DIRECTIONS FOR THIS TASK: At the line containing "come caregiver. Due", begin an exact copy of the lines below and continue through the final one, with no pictures.

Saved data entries
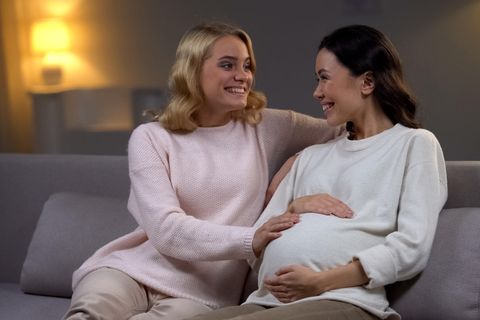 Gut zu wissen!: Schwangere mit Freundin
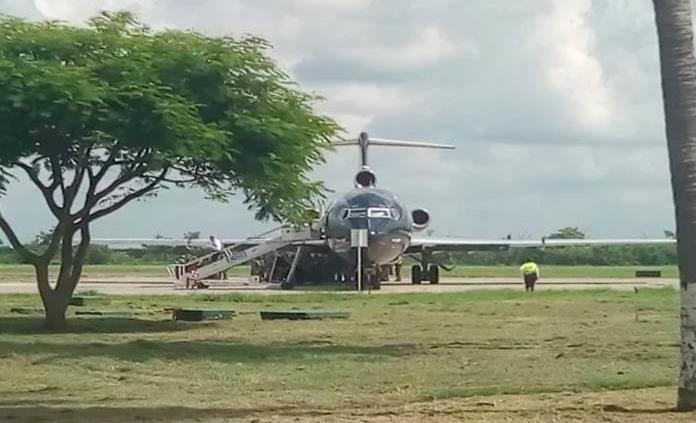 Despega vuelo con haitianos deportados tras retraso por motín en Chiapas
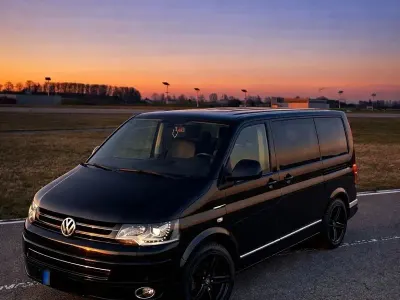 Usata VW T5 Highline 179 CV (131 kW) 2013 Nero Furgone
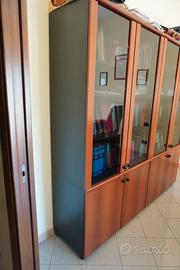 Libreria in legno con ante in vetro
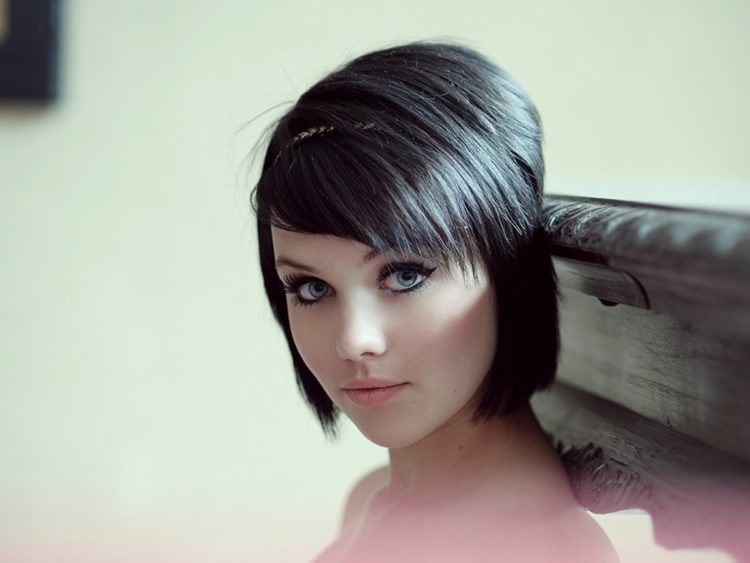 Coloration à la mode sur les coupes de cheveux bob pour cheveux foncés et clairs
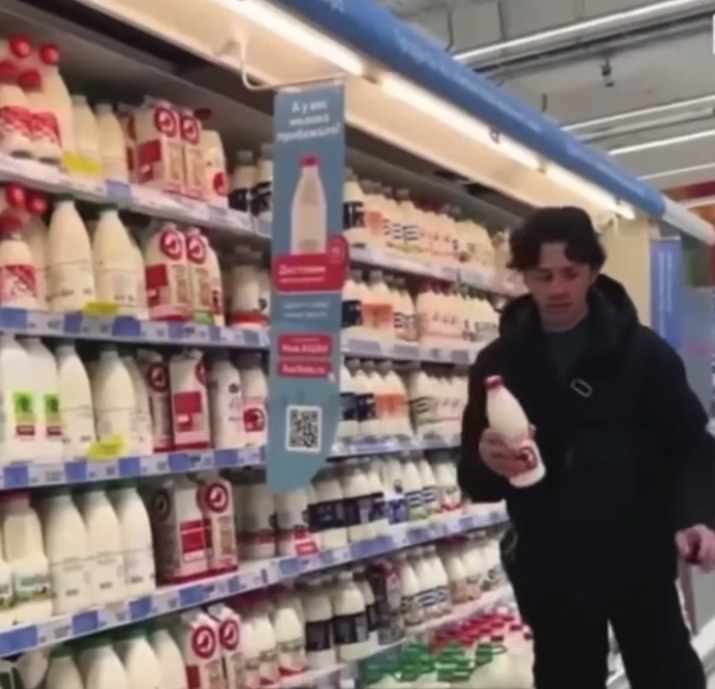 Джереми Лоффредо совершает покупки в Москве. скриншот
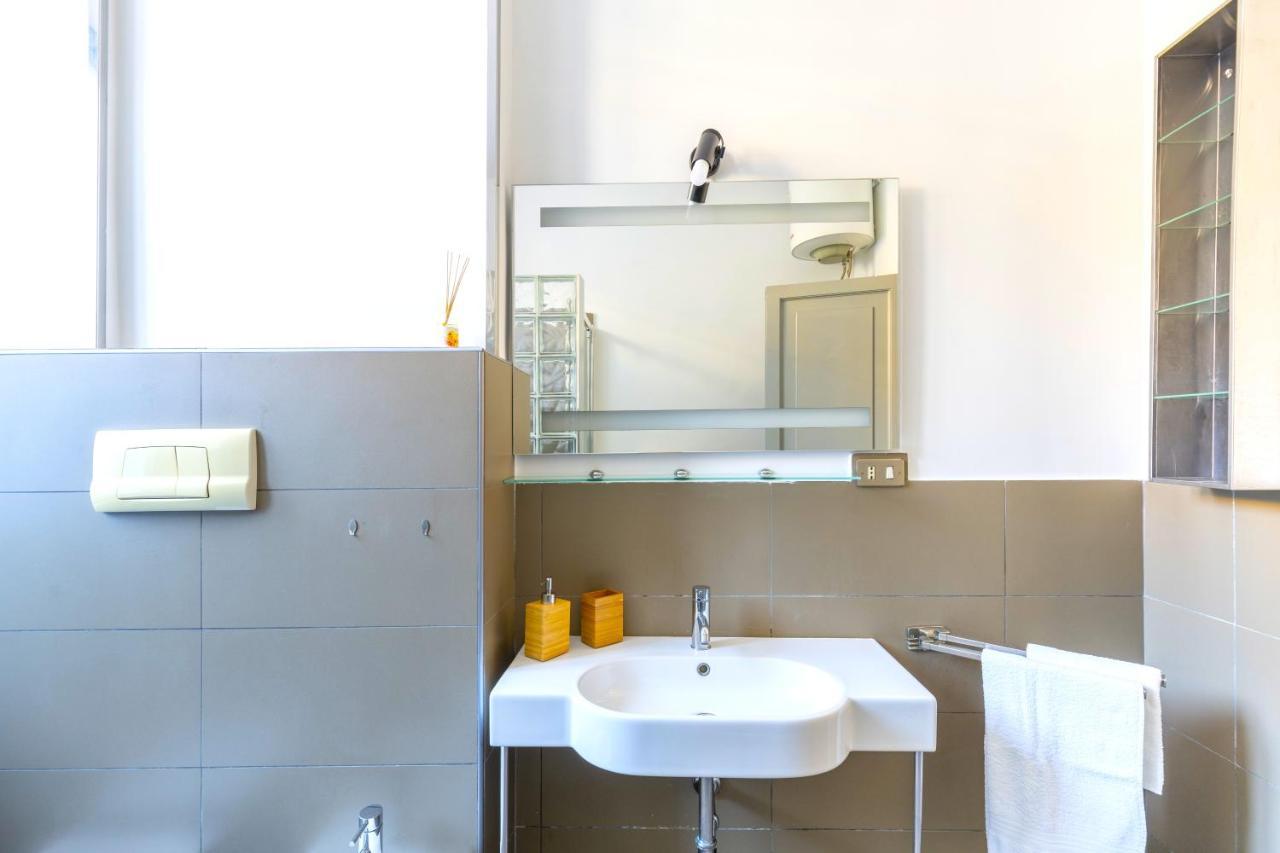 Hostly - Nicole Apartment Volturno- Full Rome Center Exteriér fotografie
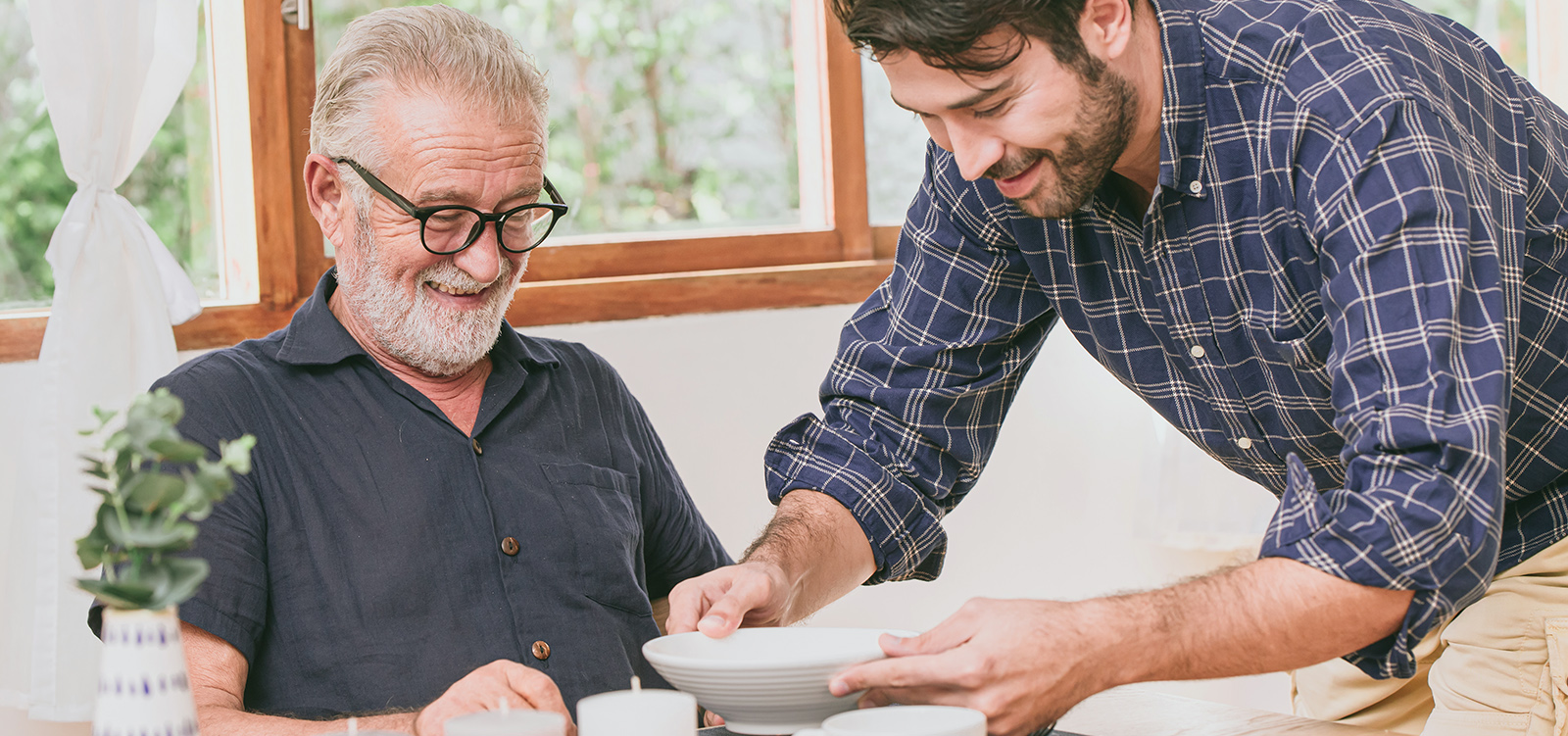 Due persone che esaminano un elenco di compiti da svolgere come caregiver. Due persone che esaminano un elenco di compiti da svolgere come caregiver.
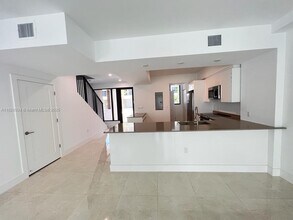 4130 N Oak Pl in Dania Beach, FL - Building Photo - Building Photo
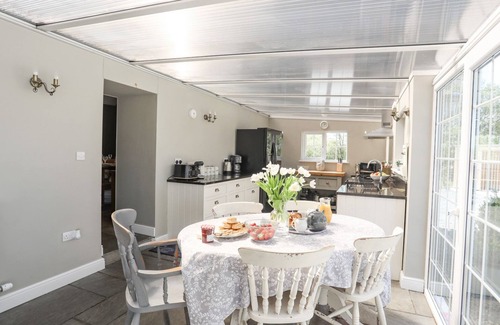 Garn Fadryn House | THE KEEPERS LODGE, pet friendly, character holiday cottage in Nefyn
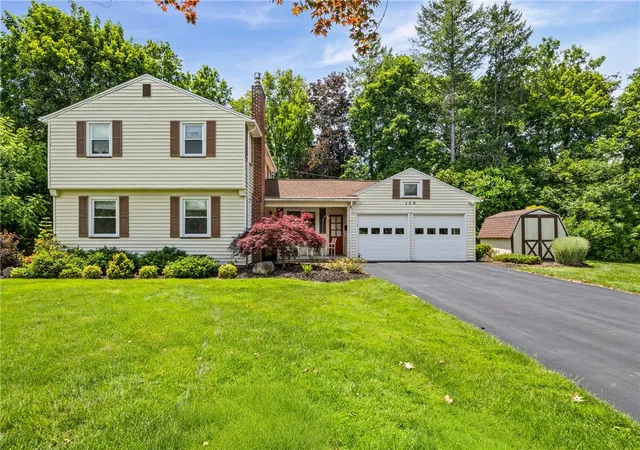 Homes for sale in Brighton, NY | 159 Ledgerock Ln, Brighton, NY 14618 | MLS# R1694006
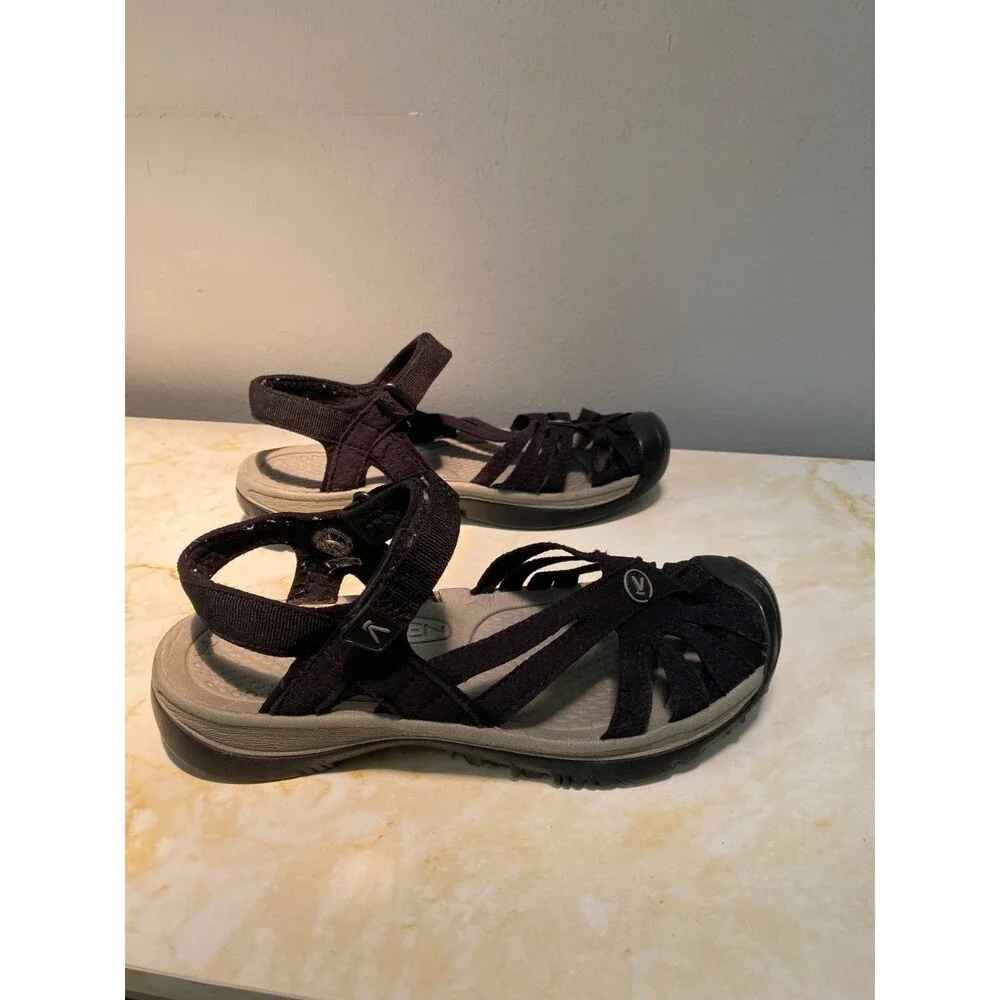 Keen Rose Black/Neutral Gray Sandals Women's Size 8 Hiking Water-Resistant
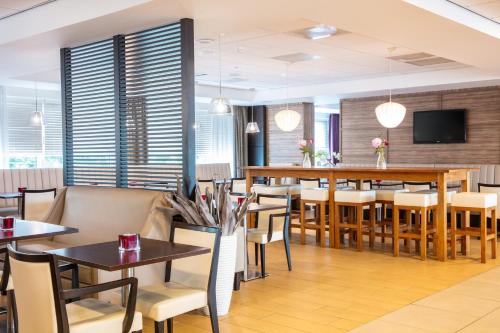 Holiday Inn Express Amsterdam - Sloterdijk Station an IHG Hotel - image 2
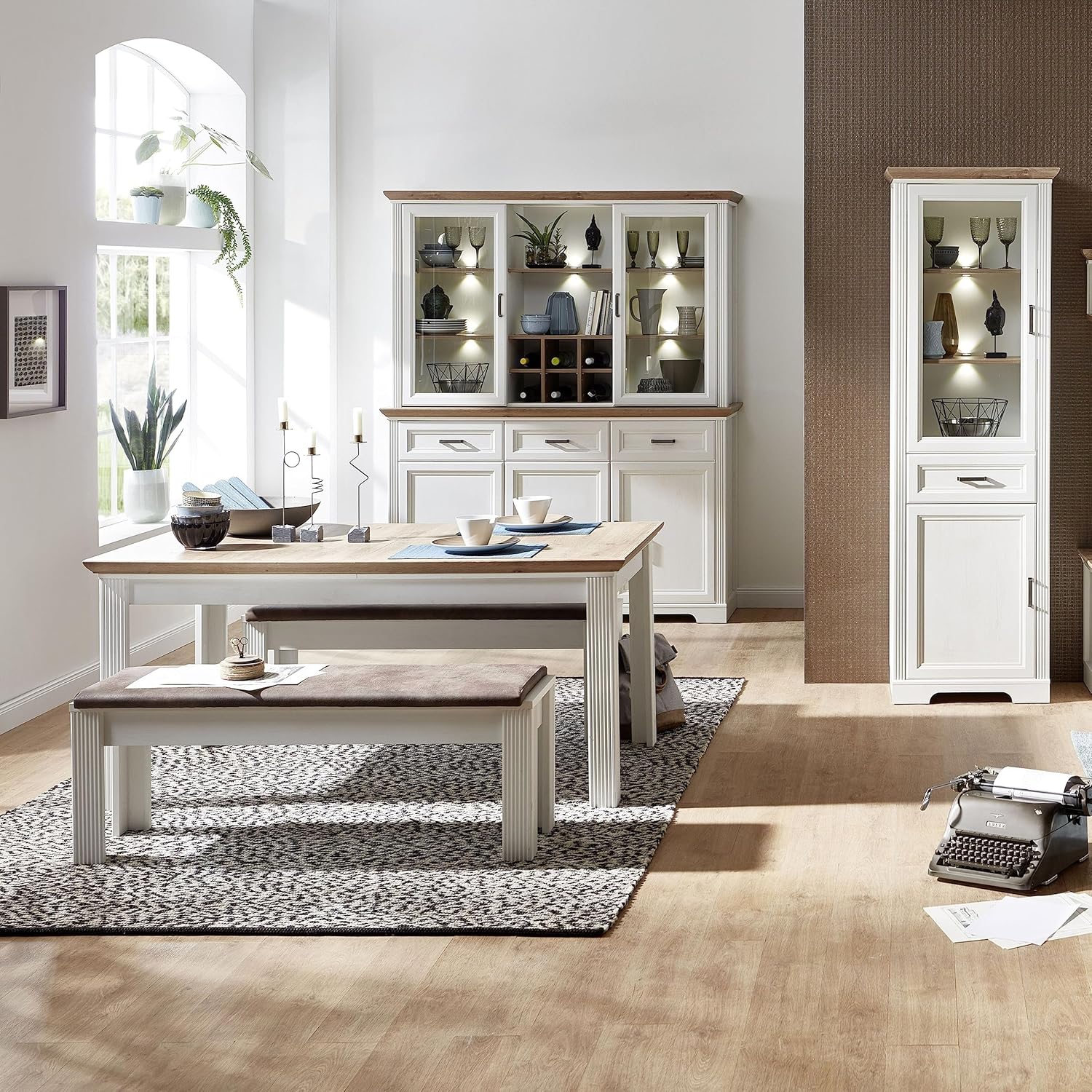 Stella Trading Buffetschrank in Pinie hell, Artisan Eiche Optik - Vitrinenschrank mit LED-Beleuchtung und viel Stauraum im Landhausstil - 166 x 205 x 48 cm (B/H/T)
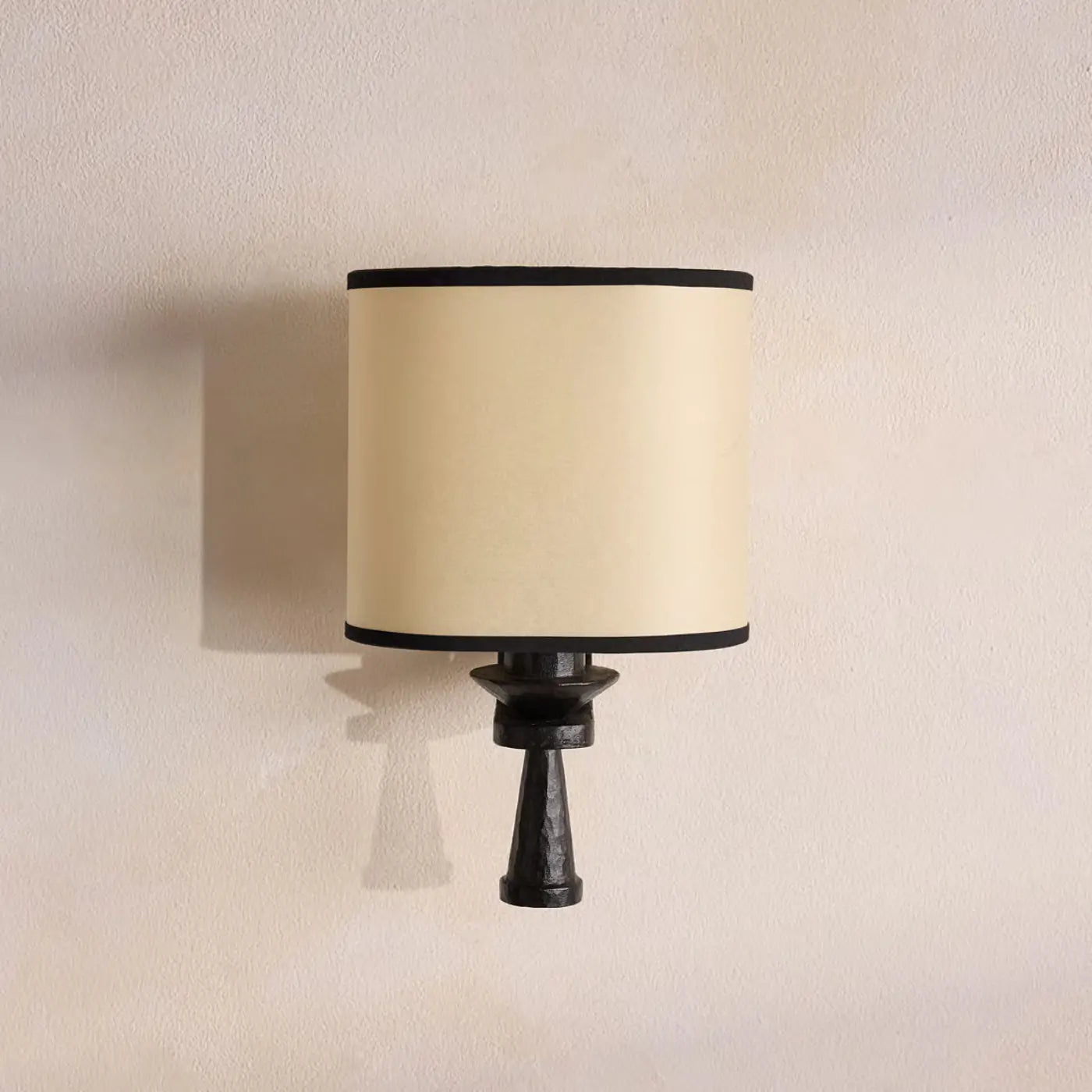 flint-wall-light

WRITTEN SOLUTION:
 Due persone che esaminano un elenco di compiti da svolgere come caregiver. Due persone che esaminano un elenco di compiti da svolgere come caregiver.
 4130 N Oak Pl in Dania Beach, FL - Building Photo - Building Photo
 Garn Fadryn House | THE KEEPERS LODGE, pet friendly, character holiday cottage in Nefyn
 Homes for sale in Brighton, NY | 159 Ledgerock Ln, Brighton, NY 14618 | MLS# R1694006
 Keen Rose Black/Neutral Gray Sandals Women's Size 8 Hiking Water-Resistant
 Holiday Inn Express Amsterdam - Sloterdijk Station an IHG Hotel - image 2
 Stella Trading Buffetschrank in Pinie hell, Artisan Eiche Optik - Vitrinenschrank mit LED-Beleuchtung und viel Stauraum im Landhausstil - 166 x 205 x 48 cm (B/H/T)
 flint-wall-light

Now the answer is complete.